#### Excerpted data
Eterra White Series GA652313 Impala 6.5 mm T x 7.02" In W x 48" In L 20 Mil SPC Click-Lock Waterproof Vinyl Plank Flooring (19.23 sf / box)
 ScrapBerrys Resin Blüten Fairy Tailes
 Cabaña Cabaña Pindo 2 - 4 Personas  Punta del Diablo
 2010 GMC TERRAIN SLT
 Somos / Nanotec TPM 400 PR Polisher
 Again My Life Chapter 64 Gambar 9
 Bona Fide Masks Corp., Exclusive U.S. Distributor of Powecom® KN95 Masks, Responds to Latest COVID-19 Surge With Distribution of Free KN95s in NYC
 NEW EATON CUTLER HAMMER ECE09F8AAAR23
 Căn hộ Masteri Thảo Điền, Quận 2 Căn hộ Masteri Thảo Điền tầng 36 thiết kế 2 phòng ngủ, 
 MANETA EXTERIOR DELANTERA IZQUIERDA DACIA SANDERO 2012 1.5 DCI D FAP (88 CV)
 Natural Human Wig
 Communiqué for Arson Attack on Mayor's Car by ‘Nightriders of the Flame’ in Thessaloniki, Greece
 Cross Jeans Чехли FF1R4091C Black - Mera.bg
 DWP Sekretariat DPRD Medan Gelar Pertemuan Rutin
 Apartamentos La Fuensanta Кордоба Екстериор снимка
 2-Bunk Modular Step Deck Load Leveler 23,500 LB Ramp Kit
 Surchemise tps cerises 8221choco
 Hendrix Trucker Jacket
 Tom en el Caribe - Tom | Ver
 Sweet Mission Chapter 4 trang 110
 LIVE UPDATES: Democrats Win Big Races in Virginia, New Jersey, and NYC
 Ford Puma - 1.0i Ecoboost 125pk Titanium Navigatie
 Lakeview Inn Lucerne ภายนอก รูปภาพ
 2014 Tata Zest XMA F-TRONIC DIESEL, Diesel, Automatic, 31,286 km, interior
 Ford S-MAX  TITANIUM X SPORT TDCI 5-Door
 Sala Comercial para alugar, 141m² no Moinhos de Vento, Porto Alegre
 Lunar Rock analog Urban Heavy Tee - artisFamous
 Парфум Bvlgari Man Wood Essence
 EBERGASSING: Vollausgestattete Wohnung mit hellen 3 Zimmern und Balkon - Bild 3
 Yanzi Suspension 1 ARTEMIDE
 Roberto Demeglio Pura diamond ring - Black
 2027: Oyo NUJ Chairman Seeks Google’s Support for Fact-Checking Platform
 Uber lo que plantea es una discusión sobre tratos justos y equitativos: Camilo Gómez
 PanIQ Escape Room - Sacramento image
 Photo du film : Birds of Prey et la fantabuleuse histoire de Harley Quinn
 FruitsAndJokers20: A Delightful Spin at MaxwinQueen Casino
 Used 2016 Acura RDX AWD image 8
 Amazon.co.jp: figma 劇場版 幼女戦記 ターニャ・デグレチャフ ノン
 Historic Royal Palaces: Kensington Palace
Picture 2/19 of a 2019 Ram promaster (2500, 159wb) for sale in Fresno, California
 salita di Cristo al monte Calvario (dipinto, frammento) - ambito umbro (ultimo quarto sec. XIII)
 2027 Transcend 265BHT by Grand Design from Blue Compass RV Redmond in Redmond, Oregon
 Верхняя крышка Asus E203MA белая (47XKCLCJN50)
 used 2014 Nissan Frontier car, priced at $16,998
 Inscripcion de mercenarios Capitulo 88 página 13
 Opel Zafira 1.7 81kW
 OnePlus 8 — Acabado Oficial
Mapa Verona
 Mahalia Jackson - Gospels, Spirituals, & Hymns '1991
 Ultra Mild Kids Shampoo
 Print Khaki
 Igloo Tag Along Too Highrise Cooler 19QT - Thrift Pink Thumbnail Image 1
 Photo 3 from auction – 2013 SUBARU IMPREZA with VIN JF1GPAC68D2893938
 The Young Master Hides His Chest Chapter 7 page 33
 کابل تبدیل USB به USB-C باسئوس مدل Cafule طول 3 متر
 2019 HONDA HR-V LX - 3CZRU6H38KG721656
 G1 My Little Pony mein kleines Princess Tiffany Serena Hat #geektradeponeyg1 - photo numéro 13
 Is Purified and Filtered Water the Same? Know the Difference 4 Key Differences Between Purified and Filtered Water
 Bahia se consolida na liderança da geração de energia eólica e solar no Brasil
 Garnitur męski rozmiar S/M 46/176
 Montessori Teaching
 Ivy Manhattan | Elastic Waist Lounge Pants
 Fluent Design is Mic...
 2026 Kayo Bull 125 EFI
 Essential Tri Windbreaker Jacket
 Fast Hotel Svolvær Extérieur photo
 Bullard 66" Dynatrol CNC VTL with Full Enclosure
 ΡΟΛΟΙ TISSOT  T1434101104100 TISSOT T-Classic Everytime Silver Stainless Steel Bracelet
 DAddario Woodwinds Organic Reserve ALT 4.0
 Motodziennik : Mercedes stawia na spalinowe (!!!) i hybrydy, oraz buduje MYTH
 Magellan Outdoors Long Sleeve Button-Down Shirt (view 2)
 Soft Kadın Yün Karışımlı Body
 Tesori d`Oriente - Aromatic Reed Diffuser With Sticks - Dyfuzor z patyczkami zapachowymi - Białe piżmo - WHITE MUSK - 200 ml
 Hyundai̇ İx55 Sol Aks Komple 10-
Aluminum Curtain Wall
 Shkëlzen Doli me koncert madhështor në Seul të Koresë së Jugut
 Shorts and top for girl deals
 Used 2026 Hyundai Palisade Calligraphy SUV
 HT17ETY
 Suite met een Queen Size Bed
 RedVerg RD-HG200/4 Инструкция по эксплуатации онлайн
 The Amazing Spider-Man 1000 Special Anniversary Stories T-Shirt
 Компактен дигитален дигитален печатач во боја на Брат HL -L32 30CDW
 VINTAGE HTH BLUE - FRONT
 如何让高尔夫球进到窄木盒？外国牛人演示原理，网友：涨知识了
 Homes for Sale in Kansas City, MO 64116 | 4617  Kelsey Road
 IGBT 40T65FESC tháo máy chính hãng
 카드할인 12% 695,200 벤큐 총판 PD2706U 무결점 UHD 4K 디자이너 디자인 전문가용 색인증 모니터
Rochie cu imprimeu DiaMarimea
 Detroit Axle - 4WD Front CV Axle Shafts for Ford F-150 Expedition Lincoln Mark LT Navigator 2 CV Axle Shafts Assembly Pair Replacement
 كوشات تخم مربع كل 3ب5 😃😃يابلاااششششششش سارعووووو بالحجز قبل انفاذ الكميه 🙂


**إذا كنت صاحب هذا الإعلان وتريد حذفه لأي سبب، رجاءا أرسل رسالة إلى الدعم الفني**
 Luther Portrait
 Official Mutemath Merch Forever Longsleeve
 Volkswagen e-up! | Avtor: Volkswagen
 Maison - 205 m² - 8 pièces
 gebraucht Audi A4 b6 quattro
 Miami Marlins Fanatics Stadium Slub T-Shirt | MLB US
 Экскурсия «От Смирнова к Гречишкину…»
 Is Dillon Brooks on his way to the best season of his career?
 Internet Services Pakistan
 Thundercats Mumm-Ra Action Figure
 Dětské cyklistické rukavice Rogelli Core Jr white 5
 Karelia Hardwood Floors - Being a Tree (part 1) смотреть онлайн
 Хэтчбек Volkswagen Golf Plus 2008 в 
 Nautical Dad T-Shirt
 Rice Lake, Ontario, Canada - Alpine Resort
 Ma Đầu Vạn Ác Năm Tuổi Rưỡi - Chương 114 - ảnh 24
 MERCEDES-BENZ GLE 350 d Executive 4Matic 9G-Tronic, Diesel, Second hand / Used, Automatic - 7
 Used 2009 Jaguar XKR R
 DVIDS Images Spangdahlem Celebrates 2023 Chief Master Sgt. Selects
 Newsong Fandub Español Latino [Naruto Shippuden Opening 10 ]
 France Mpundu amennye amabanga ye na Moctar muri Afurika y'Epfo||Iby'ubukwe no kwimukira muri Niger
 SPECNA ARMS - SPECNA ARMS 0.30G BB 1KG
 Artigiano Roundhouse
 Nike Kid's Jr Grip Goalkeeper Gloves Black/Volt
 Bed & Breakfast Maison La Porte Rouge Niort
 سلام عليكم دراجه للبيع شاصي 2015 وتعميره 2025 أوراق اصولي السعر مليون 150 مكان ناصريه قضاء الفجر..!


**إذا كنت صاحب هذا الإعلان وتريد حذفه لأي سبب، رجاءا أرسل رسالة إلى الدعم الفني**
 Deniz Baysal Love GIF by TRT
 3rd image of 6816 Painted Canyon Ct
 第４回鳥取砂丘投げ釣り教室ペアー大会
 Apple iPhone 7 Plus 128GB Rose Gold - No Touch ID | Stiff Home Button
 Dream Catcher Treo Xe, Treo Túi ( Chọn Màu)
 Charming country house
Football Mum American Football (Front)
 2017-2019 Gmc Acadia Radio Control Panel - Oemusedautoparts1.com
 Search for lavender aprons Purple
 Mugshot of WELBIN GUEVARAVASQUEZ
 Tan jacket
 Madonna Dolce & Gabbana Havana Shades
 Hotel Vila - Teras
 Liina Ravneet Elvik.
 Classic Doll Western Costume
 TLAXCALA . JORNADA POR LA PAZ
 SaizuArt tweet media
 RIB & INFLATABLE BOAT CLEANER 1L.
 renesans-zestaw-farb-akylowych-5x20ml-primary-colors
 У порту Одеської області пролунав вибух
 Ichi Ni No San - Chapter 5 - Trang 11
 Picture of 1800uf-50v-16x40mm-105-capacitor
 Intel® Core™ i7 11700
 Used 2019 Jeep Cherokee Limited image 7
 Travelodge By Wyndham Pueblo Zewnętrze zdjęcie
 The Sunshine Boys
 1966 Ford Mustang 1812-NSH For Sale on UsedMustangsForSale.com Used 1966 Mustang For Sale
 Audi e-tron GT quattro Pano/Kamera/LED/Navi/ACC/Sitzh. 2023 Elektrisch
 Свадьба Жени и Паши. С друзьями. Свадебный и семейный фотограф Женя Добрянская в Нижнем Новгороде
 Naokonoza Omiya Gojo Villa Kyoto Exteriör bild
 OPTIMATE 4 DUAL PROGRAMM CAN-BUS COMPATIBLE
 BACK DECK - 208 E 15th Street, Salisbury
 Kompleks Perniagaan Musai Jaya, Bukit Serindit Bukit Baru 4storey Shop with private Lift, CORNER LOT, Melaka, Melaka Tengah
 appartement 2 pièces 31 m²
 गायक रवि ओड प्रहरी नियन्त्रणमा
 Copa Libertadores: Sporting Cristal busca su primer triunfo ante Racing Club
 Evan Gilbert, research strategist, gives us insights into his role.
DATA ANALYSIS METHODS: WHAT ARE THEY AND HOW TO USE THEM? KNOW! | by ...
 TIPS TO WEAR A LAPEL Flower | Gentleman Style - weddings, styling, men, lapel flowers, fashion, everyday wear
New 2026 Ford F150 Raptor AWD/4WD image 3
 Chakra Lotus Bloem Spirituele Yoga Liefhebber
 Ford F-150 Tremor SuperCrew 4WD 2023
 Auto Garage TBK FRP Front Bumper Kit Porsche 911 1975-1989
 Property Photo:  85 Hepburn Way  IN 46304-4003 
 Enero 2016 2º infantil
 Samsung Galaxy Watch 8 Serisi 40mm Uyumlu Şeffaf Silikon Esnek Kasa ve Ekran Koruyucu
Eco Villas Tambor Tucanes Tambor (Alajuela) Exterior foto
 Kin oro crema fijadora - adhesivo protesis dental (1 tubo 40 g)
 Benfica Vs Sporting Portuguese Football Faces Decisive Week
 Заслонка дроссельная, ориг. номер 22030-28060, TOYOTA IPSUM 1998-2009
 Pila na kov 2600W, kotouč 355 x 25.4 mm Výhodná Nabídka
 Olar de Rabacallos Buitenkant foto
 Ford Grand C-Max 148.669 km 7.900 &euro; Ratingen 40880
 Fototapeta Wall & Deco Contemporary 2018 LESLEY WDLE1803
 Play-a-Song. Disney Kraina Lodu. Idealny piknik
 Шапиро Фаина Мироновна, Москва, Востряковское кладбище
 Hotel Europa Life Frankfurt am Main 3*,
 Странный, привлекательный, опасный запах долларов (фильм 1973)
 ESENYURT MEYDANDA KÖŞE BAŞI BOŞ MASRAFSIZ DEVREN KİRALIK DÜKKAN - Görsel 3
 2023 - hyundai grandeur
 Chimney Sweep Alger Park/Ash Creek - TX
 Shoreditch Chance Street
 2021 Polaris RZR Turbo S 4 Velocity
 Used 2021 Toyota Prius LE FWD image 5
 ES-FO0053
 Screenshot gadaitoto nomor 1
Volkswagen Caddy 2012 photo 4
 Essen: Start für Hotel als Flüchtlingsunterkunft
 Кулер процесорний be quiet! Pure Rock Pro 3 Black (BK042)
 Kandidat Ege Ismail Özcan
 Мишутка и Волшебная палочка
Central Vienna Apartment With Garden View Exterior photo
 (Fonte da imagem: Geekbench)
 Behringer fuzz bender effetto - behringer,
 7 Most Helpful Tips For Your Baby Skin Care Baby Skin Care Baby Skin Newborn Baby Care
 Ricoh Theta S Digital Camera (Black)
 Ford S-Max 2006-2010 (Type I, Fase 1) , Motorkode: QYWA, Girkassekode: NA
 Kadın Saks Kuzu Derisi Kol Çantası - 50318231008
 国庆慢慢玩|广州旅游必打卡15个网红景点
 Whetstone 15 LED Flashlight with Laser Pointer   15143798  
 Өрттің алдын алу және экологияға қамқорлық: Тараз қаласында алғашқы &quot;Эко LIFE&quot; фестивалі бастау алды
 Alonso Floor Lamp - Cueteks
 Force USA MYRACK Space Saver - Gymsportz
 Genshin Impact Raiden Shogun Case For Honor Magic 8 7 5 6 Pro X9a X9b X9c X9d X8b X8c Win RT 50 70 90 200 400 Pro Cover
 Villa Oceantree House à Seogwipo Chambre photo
########
Problem description: Return only the part of the records above that opens with the line containing "2026 Kayo Bull 125 EFI" and closes with the line containing "RedVerg RD-HG200/4 Инструкция", ends included.

Task output:
 2026 Kayo Bull 125 EFI
 Essential Tri Windbreaker Jacket
 Fast Hotel Svolvær Extérieur photo
 Bullard 66" Dynatrol CNC VTL with Full Enclosure
 ΡΟΛΟΙ TISSOT  T1434101104100 TISSOT T-Classic Everytime Silver Stainless Steel Bracelet
 DAddario Woodwinds Organic Reserve ALT 4.0
 Motodziennik : Mercedes stawia na spalinowe (!!!) i hybrydy, oraz buduje MYTH
 Magellan Outdoors Long Sleeve Button-Down Shirt (view 2)
 Soft Kadın Yün Karışımlı Body
 Tesori d`Oriente - Aromatic Reed Diffuser With Sticks - Dyfuzor z patyczkami zapachowymi - Białe piżmo - WHITE MUSK - 200 ml
 Hyundai̇ İx55 Sol Aks Komple 10-
Aluminum Curtain Wall
 Shkëlzen Doli me koncert madhështor në Seul të Koresë së Jugut
 Shorts and top for girl deals
 Used 2026 Hyundai Palisade Calligraphy SUV
 HT17ETY
 Suite met een Queen Size Bed
 RedVerg RD-HG200/4 Инструкция по эксплуатации онлайн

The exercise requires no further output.